Last spring and into the summer, I woke up every Saturday morning at 7 a.m. and went to Joinville-le-Pont for English “play sessions” with three brothers--Victor, Ivan, and Frédéric--working individually, at 45-minute intervals. They were nice enough boys, but I think it’s no stretch of the imagination to say that they loathed me. Victor, the oldest at 11, might be listening to the sounds of a neighborhood game of foot wafting through the windows, and there I was grinning at him like a jack-o'-lantern.
Me: How ‘bout another round of I Spy?
Victor: Mmmm. I don’t sink so.
I assure you it wasn’t as merry as it sounds.
Ivan and Fred were a bit easier--they found my rendition of The Hokey Pokey inspiring, and when I brought over Monopoly, they thought I had invented the game. But novelty only lasts so long with eight-year-olds until they realize they’re looking at 22 more minutes in lockdown with the crazy singing lady. In retrospect, it seems unfair that I was the only one getting paid in the situation.
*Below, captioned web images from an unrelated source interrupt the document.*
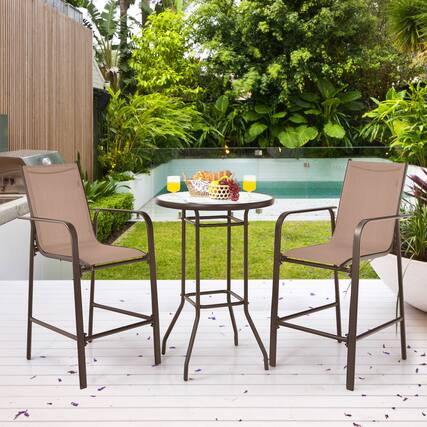 Front. Gymax - Gymax 3PCS Patio Bar Set Outdoor Bistro Set w/ 2 Stools & 1 Tempered Glass Table Brown - Brown.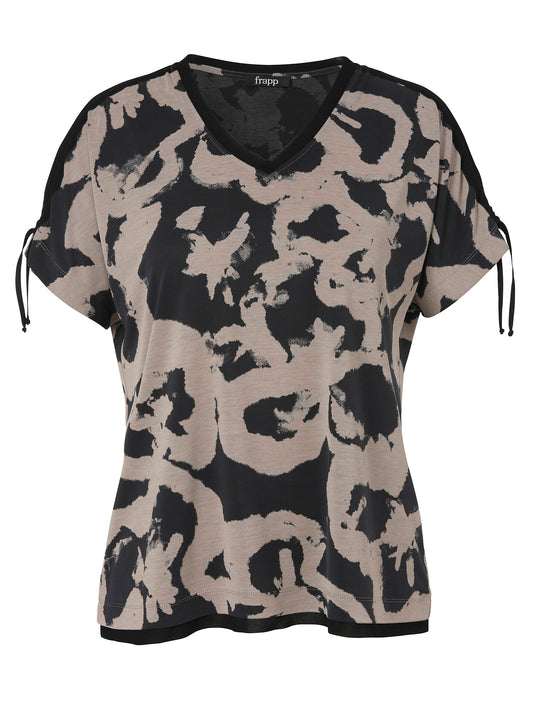 T-Shirt V-Ausschnitt ohne Arm Druck (Black Multicolor)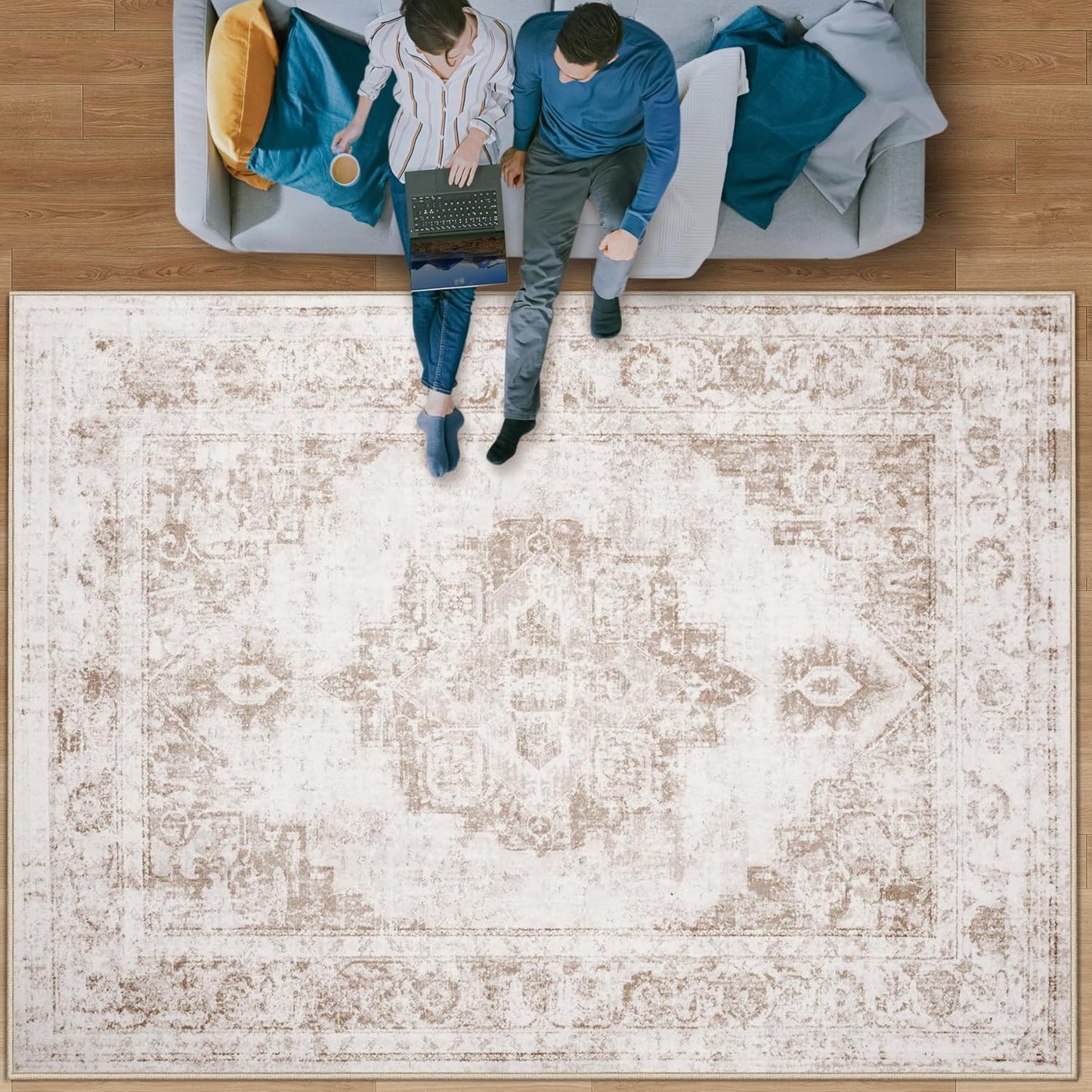Vintage Washable Area Rug 8x10 - Retro Accent Rug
But adults, adults who actually want to learn? I can get on board for that. For an hour a day, their attention is mine, just like a child. For an hour a day, I can mold them and lord it around. For an hour a day, I am their superior. Who’s the lady with all the answers? Ding, ding, ding. That would be me.
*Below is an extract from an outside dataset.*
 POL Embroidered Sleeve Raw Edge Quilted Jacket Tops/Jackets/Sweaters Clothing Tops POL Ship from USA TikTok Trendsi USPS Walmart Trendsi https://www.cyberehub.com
(This would be a good time for the gods to begin peeling that banana. Also, I like my cream pies with just a hint of vanilla, thanks.)
One woman I tutor, Caroline, is trying to get ahead in the business world by working on her English. She’s a lovely woman whose beauty and demeanor belie her actual age. (There is a sixteen-year-old son.) Most importantly, Caroline has several Oxford Business English books, and we’re not expected to play Simon Says.
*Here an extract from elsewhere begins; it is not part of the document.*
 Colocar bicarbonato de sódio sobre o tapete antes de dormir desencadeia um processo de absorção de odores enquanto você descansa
Tuesday night, I was defining something for her in French--a practice that the Alliance Française might not endorse, but Caroline has requested in order to save time. I started to explain, in French, “imagine if you,” and the informal “tu” just slipped out. And sat there like a floundering, flippy fish on the table. Uncomfortable. Obvious. Wrong.
Allow me to interject that, for the six months I worked at the magazine, I was the nerd using “vous” with all the hip fashion assistants on the phone (my age), until I heard them “tu” me first. And then I still usually stuck with “vous.” But with a woman of Caroline's age, well, there should be no question.
“Imagine si tu...”
Flip flip. Flip flip.
I felt like Ralphie just after he’s muttered the “F” word.
What do you do at this point? Once you’ve left a nice, fat, third-trimester pause? Do you clear your throat, smile, and say “VOUS” meaningfully? That seems so fey. Do you simply excuse yourself, or do you carry on like it never happened?
Me? I excused myself, then carried on, as one must when one is being paid by the hour.